### Work task
Omitting the pictures, print every line below exactly as it stands.

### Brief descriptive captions
- - - - -

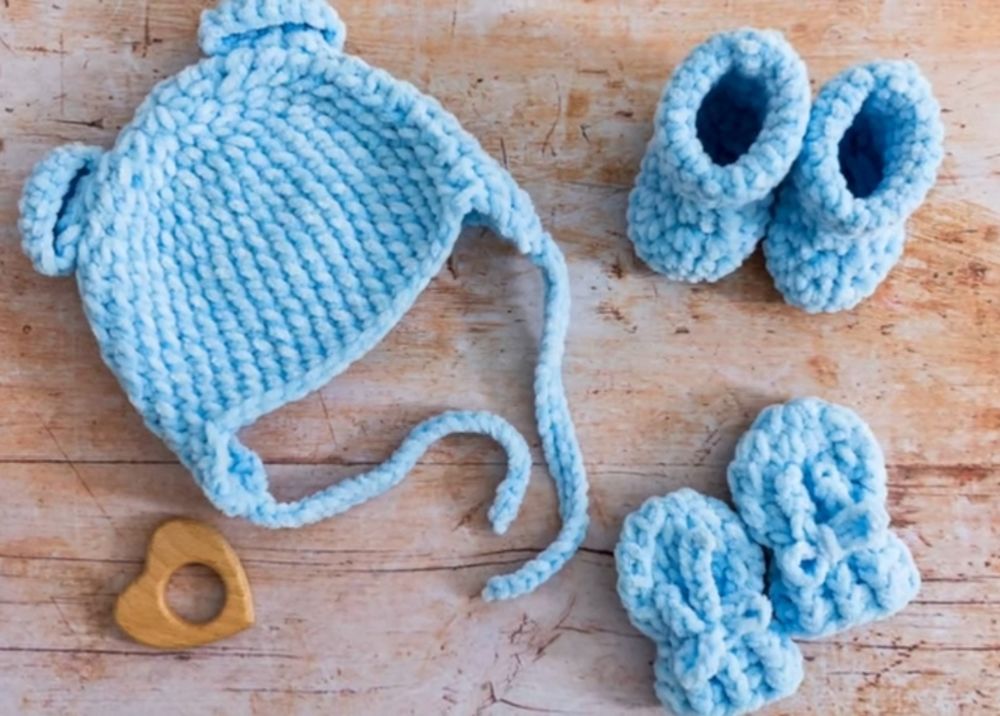 Ensemble naissance fait main au crochet 25 Aix-en-Provence (13)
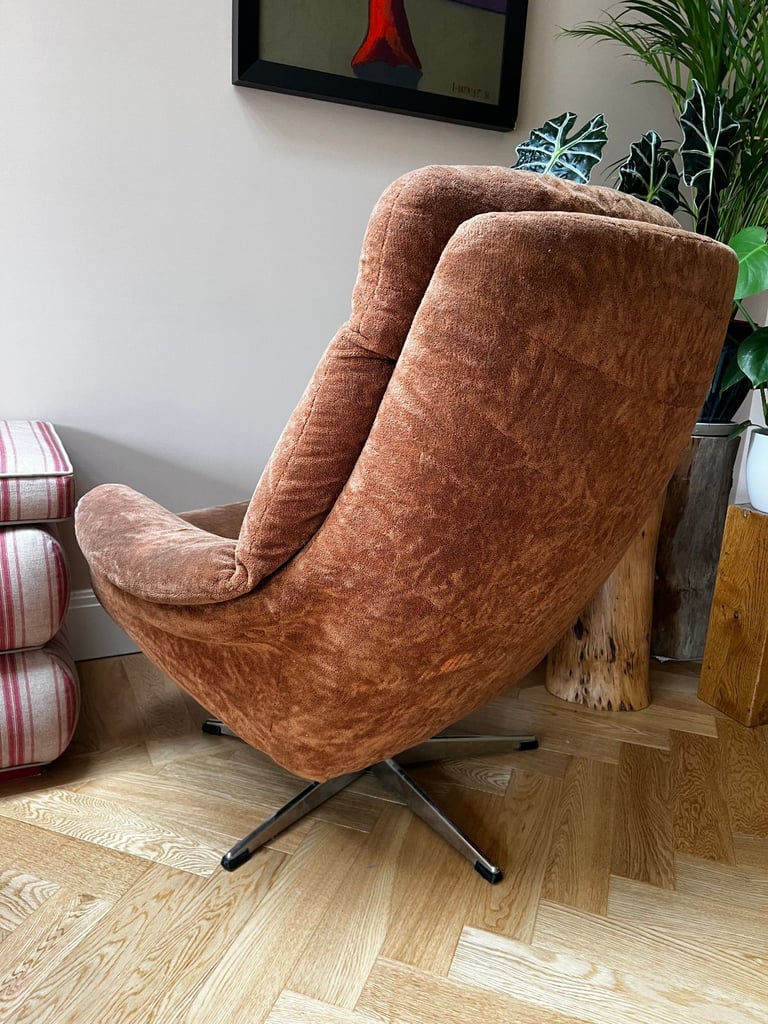 Stylish Mid Century Swivel Lounge Arm Chair 
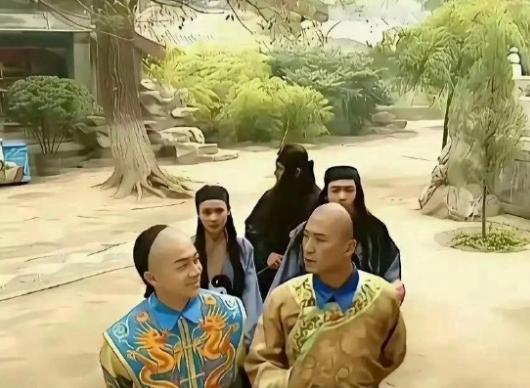 扒一扒《还珠格格》的穿帮镜头辫子咱就不说了，美化的不像样，今天要说的是图二那个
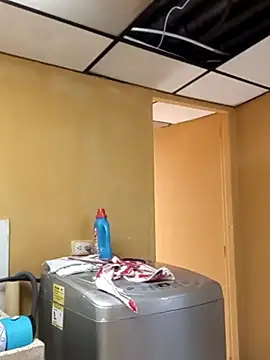 stefanie010 online show from 9, 3, 2026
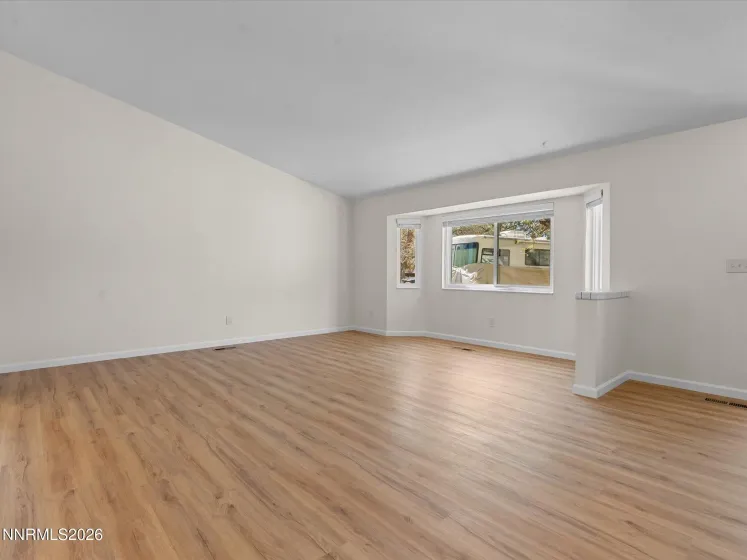 35 Mc Lemore, Sparks, Nevada 89441, 3 Bedrooms Bedrooms, ,2 BathroomsBathrooms,Residential,Residential,Mc Lemore,260003908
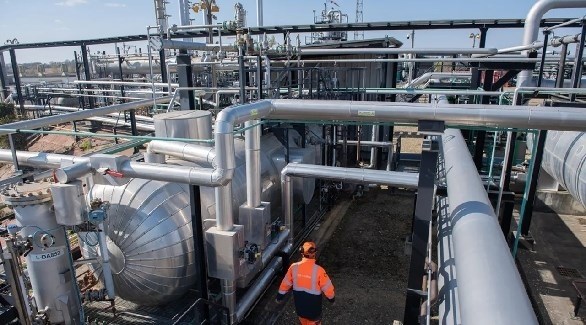 فرنسا تأمل ملء مخزونها من الغاز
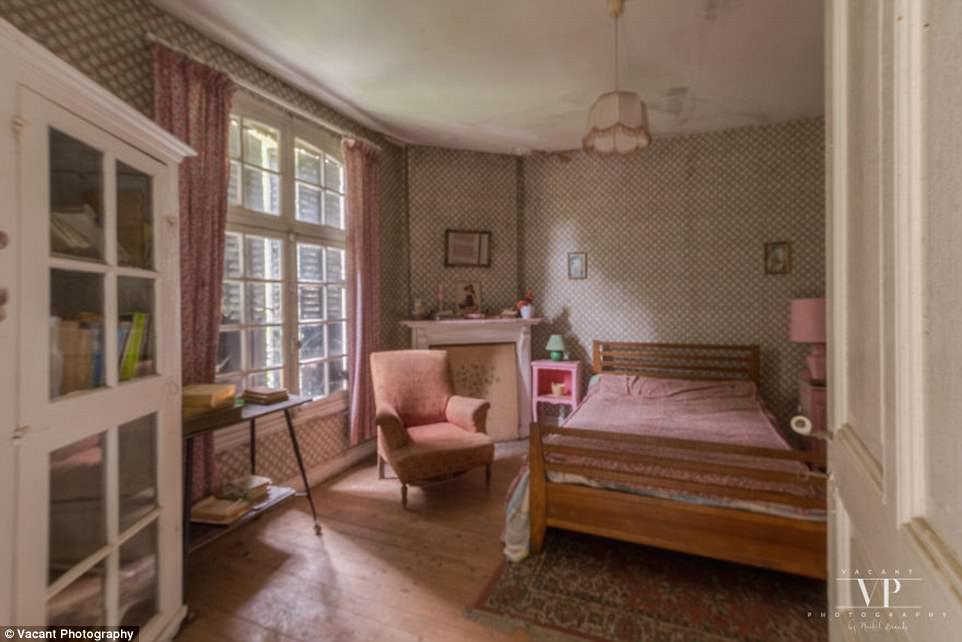 Фотография: Внутри таинственного французского особняка, который 20 лет стоит заброшенным №17 - BigPicture.ru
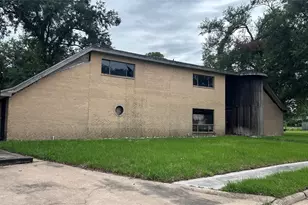 6706 Standing Oaks St, Houston, TX 77050 - Photo 2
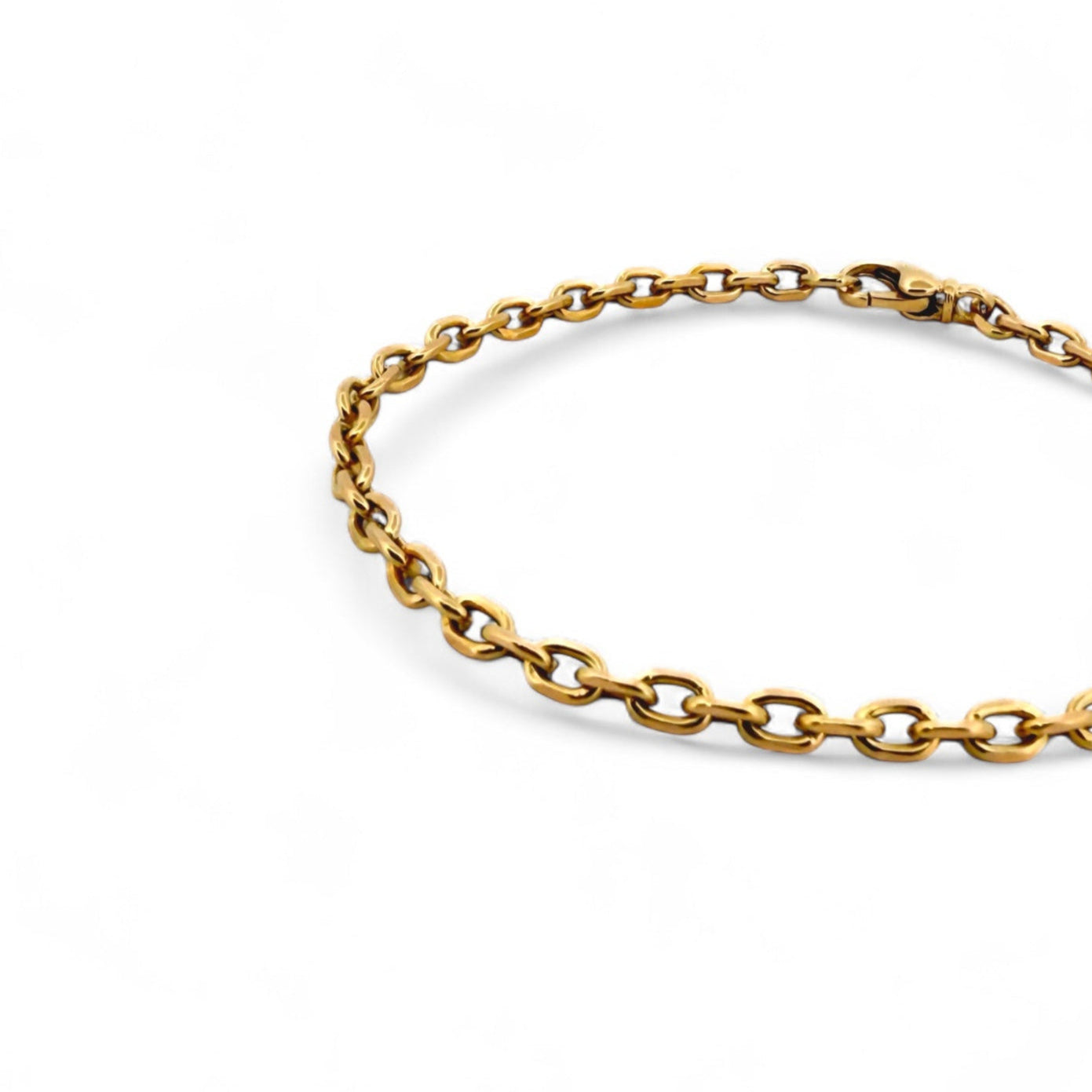 Pulsera oro amarillo de 18kt con cadena forzada. La pulsera mide 20,5cm y 3,74mm de grosor. Compra de joyas masculinas al mejor precio en Barcelona.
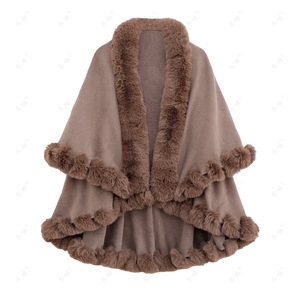 Châle pour femme Poncho en tricot uni pour femme avec construction à double couche et bordure en fourrure pelucheuse - Product Image 3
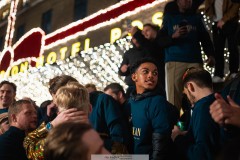 20251130 ÖIS Waylon Ramon Renecke under firandet av ÖIS avancemang till Allsvenskan den 30 november 2025 i Göteborg.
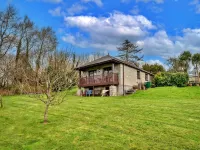 Bungalow in Cornwall with Orchard Views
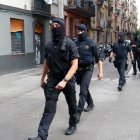 Diversos agents dels Mossos caminant durant un dispositiu antiterrorista a la Barceloneta.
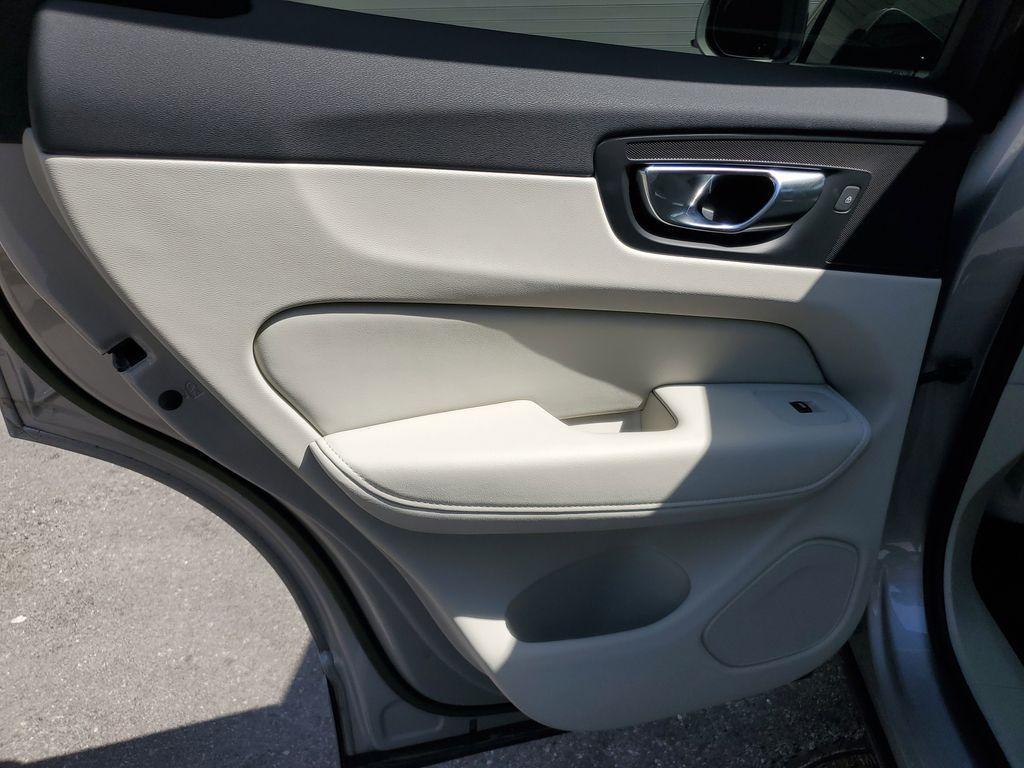 used 2022 Volvo XC60 car, priced at $33,490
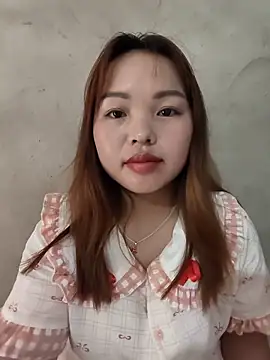 Snapshot of Mina_xYx chatting on June 17, 2026, 4:04 am Mina xYx online show from June 17, 2026, 4:04 am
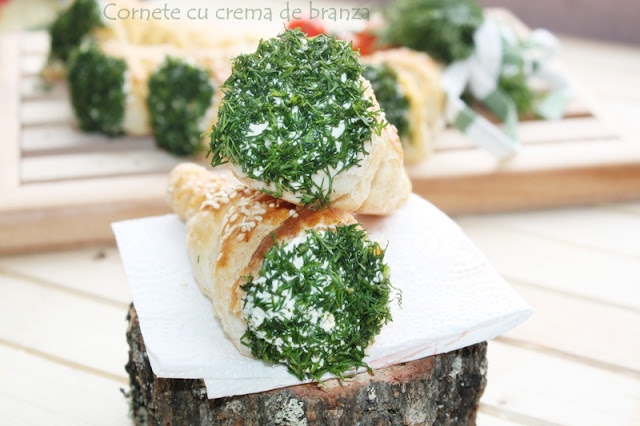 Cornete cu crema de branza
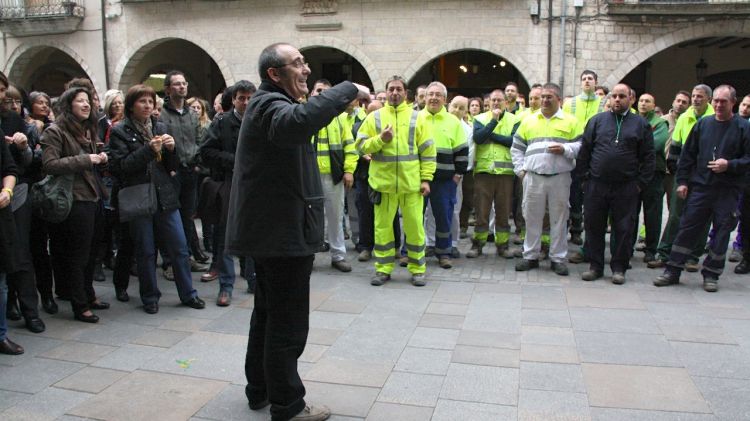 Un moment de la protesta que els treballadors de l'Ajuntament de Girona han fet davant del consistori © ACN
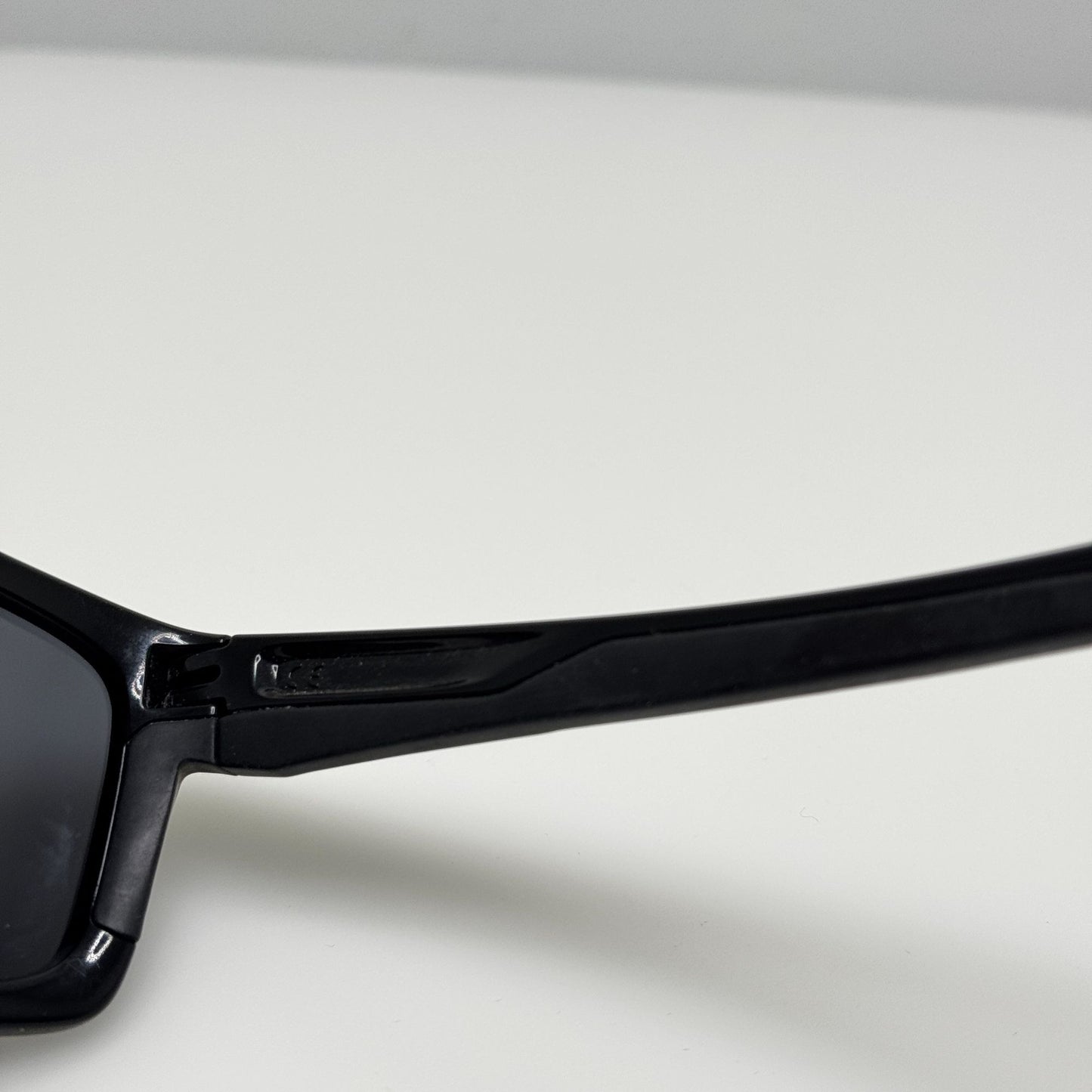 Oakley Sunglasses OO9264-08 Mainlink Black 57-17-138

- - - - -

### Answer for the task
 Ensemble naissance fait main au crochet 25 Aix-en-Provence (13)
 Stylish Mid Century Swivel Lounge Arm Chair 
 扒一扒《还珠格格》的穿帮镜头辫子咱就不说了，美化的不像样，今天要说的是图二那个
 stefanie010 online show from 9, 3, 2026
 35 Mc Lemore, Sparks, Nevada 89441, 3 Bedrooms Bedrooms, ,2 BathroomsBathrooms,Residential,Residential,Mc Lemore,260003908
 فرنسا تأمل ملء مخزونها من الغاز
 Фотография: Внутри таинственного французского особняка, который 20 лет стоит заброшенным №17 - BigPicture.ru
 6706 Standing Oaks St, Houston, TX 77050 - Photo 2
 Pulsera oro amarillo de 18kt con cadena forzada. La pulsera mide 20,5cm y 3,74mm de grosor. Compra de joyas masculinas al mejor precio en Barcelona.
 Châle pour femme Poncho en tricot uni pour femme avec construction à double couche et bordure en fourrure pelucheuse - Product Image 3
 20251130 ÖIS Waylon Ramon Renecke under firandet av ÖIS avancemang till Allsvenskan den 30 november 2025 i Göteborg.
 Bungalow in Cornwall with Orchard Views
 Diversos agents dels Mossos caminant durant un dispositiu antiterrorista a la Barceloneta.
 used 2022 Volvo XC60 car, priced at $33,490
 Snapshot of Mina_xYx chatting on June 17, 2026, 4:04 am Mina xYx online show from June 17, 2026, 4:04 am
 Cornete cu crema de branza
 Un moment de la protesta que els treballadors de l'Ajuntament de Girona han fet davant del consistori © ACN
 Oakley Sunglasses OO9264-08 Mainlink Black 57-17-138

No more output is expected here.